A Brotherly Love Supreme: Five Historically Underrated Philadelphians

This edition of The Five Spot is inspired by a question posed to me by the humble narrator, Danny Foxworth of At The Plate With Danny Foxworth and Since We Last Spoke podcasts, during a guest appearance we cut last week.

“Who is one Philadelphian you feel doesn’t get the credit they deserve?”

It’s an inquiry that will get your wheels turning.

While if you love the city like so many of us do, you know it contains multitudes.

Philadelphia is the city where America was officially put to paper, among other things.

So considering everything to happen since, aren’t “Philly” and “underrated”, inherently, sort of a dueling combination of culturally oxymoronic municipality tautology?

Long story short?

Probably.

So what’s underrated aligned with the Soul of a City who created its own brand of Soul?

Twice.

To borrow a phrase from a Smokey & The Miracles intro, “all right now, here we go”:



Tammi Terrell

I’m gonna start at my favorite.
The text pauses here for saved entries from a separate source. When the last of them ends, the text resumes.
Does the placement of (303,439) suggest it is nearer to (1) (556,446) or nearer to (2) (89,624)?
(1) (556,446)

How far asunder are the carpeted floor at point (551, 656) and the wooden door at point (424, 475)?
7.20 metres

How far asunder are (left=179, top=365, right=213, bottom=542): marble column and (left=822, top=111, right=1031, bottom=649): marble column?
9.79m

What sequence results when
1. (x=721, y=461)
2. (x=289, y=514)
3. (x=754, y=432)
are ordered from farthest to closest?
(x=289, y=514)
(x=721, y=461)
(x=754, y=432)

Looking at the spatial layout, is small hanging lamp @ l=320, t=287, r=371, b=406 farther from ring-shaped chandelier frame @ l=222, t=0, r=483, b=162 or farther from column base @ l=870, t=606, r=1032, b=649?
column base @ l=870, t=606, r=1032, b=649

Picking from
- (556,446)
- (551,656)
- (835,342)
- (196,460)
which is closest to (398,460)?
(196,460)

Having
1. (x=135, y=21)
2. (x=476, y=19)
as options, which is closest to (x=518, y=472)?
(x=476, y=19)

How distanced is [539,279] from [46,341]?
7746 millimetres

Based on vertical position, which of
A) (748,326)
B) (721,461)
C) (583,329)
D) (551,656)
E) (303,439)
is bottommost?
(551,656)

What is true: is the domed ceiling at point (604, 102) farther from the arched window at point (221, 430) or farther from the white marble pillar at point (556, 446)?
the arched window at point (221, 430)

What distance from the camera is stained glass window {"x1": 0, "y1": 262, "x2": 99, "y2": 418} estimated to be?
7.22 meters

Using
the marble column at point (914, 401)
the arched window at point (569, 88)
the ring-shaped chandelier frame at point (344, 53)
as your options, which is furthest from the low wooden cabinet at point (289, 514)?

Favorite person that comes to mind when I have a chance to think about the question of “Most Underrated Philadelphian?”. Favorite female voice in Motown history (send The Boss and Gladys my apologies). Favorite example of performing triumphantly staring down relentless tragedy. Tammi Terrell, born Thomasina Winifred Montgomery, truly embodies all these.

You may not know that name automatically. But you surely recognize a few of the classic songs she had done as part of a dynamic duo with Marvin Gaye before turning 21.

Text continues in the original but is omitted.